I’ve been playing around with the PyMCStateSpace class in pymc-experimental. Today I’m attempting to recreate the following figure from Commandeur & Koopman, page 24:
I have used the following code to fit the model with PyMC:
import pandas as pd
import pymc as pm
import arviz as az
import matplotlib.pyplot as plt
import numpy as np
import pytensor
import pytensor.tensor as pt
from pymc_experimental.statespace import structural as st
import pymc_experimental.statespace
# Load and clean the data
dat = pd.read_csv("data/ukdriversksi.txt", skiprows=1, header=None, names=['y'])

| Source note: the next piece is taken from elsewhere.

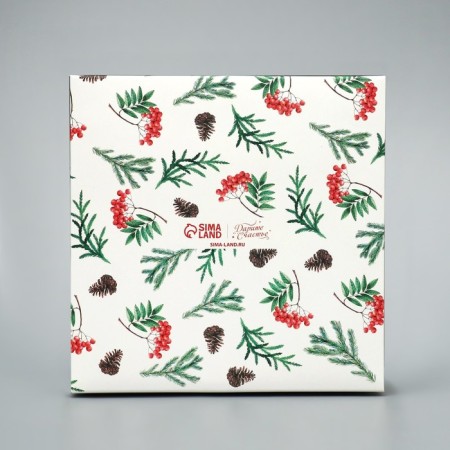 The box for cupcakes is folding with bilateral application "bullfinch", 16 x 16 x 10 cm, new year-5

date_range = pd.date_range(start='1969-01-01', periods=192, freq='MS')
dat['log_y'] = np.log(dat['y'])
dat['date'] = date_range
# Set up the matrixes
ll = st.LevelTrendComponent(order=2)
ss_mod = ll.build()
# Declare the model and samplle
with pm.Model(coords=ss_mod.coords) as model:
P0_diag = pm.Gamma("P0_diag", alpha=2, beta=1, dims=['state'])
P0 = pm.Deterministic("P0", pt.diag(P0_diag), dims=['state', 'state_aux'])
initial_trend = pm.Normal("initial_trend", sigma=[10, 10], dims=['trend_state'])
sigma_trend = pm.Gamma("sigma_trend", alpha=2, beta=1, dims=['trend_shock'])
ss_mod.build_statespace_graph(dat['log_y'], mode="JAX")
idata = pm.sample(nuts_sampler="numpyro")
# Generate posterior predictive samples
with model:
pm.sample_posterior_predictive(idata, extend_inferencedata=True)
# Convert to a pandas df for my sanity
posterior_predictive_df = idata.posterior_predictive.to_dataframe().reset_index()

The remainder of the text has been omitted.